PKGW: Layered Deployment Metadata

2024 August 22

I’ve updated the way that I deploy updates to this very website. I’m now using an Azure Pipelines continuous integration process to build the site and sync the files to my server. This is totally standard for 2024, but my workflow includes a pilot-test version of a family of new techniques that I’m interested in exploring further, both for this website and for other projects. These techniques center on what I’m tentatively calling “layered metadata”. In the case of my website update, they’re “layered deployment metadata”.

The motivation boils down to something pretty simple. I create this website using Zola, a static site generator that I like a lot — it’s written in Rust so the software is delivered as a single, robust executable, as opposed to some giant mess of dependencies expressed in a scripting language like Python or Ruby. The basis of my website is a bunch of Markdown files that I can manage in a Git repository, which is exactly how I want to handle things.

In Zola, as in many other tools of the same ilk, each page is defined by a Markdown file that has metadata expressed in a “frontmatter” section that might look like this:

+++
date = 2024-06-26T09:30:00-04:00
title = "Reprocessing DASCH’s Astrometry"
+++

Yesterday I completed a large effort to reprocess all of [DASCH’s][dasch]
astrometry. […]

The frontmatter is in TOML format, as used by lots of Rust tools, and is delimited by lines of three plus signs. Different tools might use different delimiters or formats for the frontmatter, but this is all very standard.

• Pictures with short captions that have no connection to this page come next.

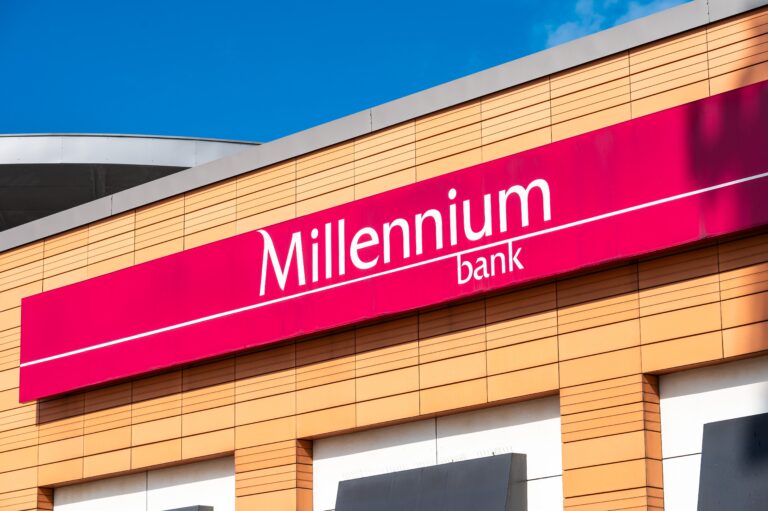 Sztandar banku Millennium na tle nowoczesnego budynku.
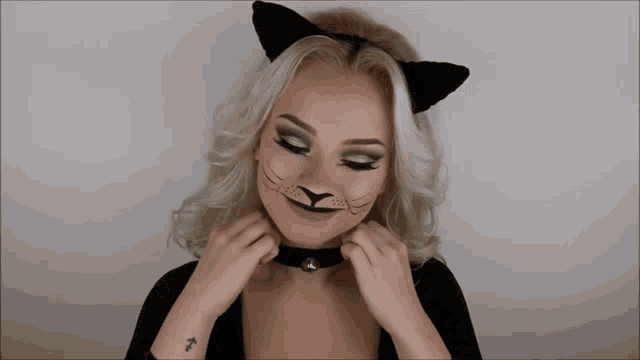 a woman with a tattoo on her wrist that says ' t '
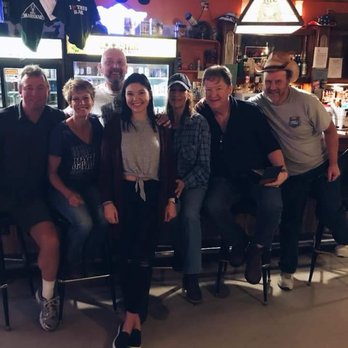 D's Dear Stand - a group of people sitting at a bar - Steakhouses Near Me - Sheldon, North Dakota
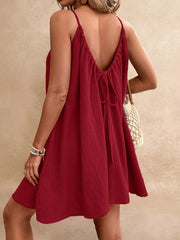 Red spaghetti strap gauze dress with tie back detail and textured fabric.
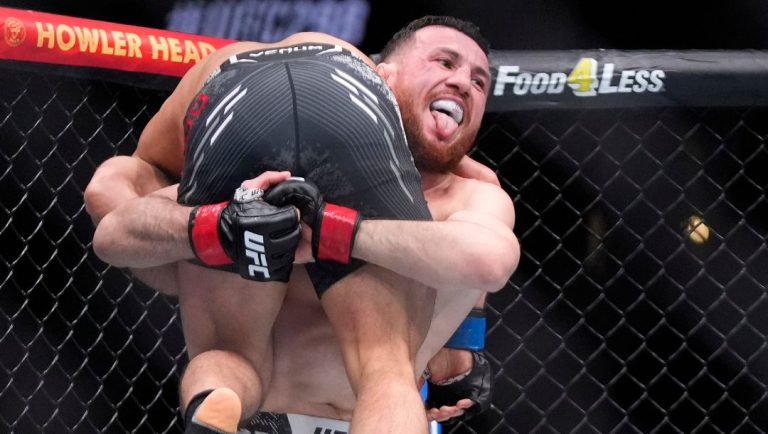 Merab Dvalishvili, right, picks up Henry Cejudo during their bantamweight bout at the UFC 298 mixed martial arts event.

What has bothered me is the date field above, which specifies the publication date of the blog post. The date should indicate when the post actually went online. But I have to insert the date as soon as I start drafting it: Zola will (quite reasonably) error out if I don’t specify something. If I write quickly, the two times don’t differ much, but maybe it takes me a week to work on my post. Or maybe I write it quickly, but then wait a week to actually publish it.

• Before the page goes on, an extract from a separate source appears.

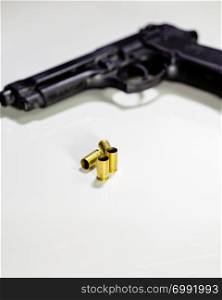 Pistol with 9mm shell casings on white table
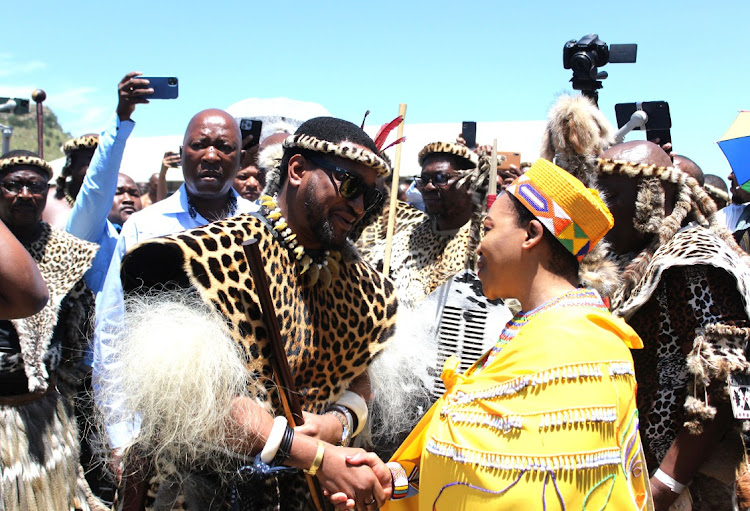 King Misuzulu kaZwelithini greets KwaZulu-Natal premier Nomusa Dube-Ncube at the commemoration of the Battle of Isandlwana. Dube-Ncube has announced that izinduna are going to finally receive the back pay they are owed.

This is the same sort of issue that motivated me to to develop the “just-in-time versioning” scheme used by Cranko. If I have some kind of “build process” that transforms inputs to outputs, sometimes the process needs me to specify something as an input (the software version or post date) that really should only be locked in if and when the build process actually succeeds. If I try to publish a post with some kind of syntax error that causes Zola to fail, any publication date that I've entered manually is going to need updating.

In principle, at least. As with the versioning issue that inspired me to work on Cranko, this might hardly seem like a real problem, or at least not one worth writing a bunch of code to address. “Just fix up the publication dates by hand if you care about them so much!” But something about these workflow rough edges seems desperately wrong to me, for reasons I can’t fully articulate. Fortunately for my peace of mind, with the work leading up to Cranko I was able to figure out how to fix that feeling.

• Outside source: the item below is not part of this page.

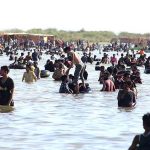 A large number of people enjoy bathing at keenjhar Lake during hot day in the city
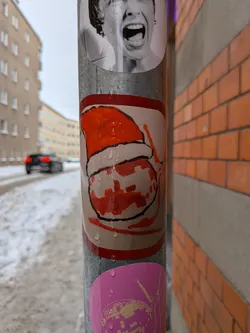 The sticker features a stylized, hand-drawn depiction of what appears to be a Santa hat in vibrant orange and red tones, with a white brim and pom-pom. Below the hat, there's a round, white shape with irregular red/orange splotches, possibly representing a face or body, outlined in black. The overall style is cartoonish and somewhat abstract, with a distinct, slightly rough black outline defining the elements. Water droplets are visible on its surface, indicating it's exposed to the elements.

In the examples above, one aspect of the problem is relatively narrow: the tools that I’m using want me to commit things to my source code repository that really are, or ought to be, metadata produced during the build process itself. In general, I can address that by preprocessing my source code at the beginning of my CI pipeline.

But a tricky circularity arises if I further want to preserve the metadata generated during CI/CD such that they can be incorporated into future builds. For instance, in the case of my website, you can imagine configuring the CI pipeline to detect new posts and assign a publication timestamp to them at build time. (Spoiler alert: this is exactly what I’m now doing.) But the next time I update my website, something needs to “remember” when the post was published and make sure that it receives the same timestamp as it was assigned before. If your website is a dynamic app with content stored in a database à la Wordpress, that’s not a challenge. But if I’m storing my website in Git and using standard CI/CD techniques, it’s a lot less clear how to propagate those kinds of metadata out of the build process. How do you get that information back into the Git repository without triggering some kind of infinite loop of updates?

The solution I devised for Cranko is the same as what I’m now using to deploy this website. Fundamentally, important metadata generated during build time are stored by comitting them to another branch of the Git repository, using merge commits that join together the latest update of the “base” content plus whatever metadata were accumulated in the previous deployments. We can push this branch during deployment to preserve the metadata without having to worry about cyclicity.

To be specific: my website repository now contains code for a “deployment tool” strongly derived from Cranko. When I push an update to the main branch, the deployment tool runs in CI, searches for any new posts, and if any are found assigns them a fresh timestamp by rewriting the checked-out source files. The website is built and the modifications are preserved by saving them as a new merge commit on a special deploy branch. If website deployment is successful, the update to the branch is pushed back to GitHub.

The key to breaking the circularity is that during the build process, timestamps from the existing deploy branch are — and in fact must be — applied to all non-new posts. I haven’t, er, actually implemented that part yet for my website tool, but that’s how it’ll work. Cranko demonstrates an analogous behavior operation when it rewrites project metafiles to include proper version numbers.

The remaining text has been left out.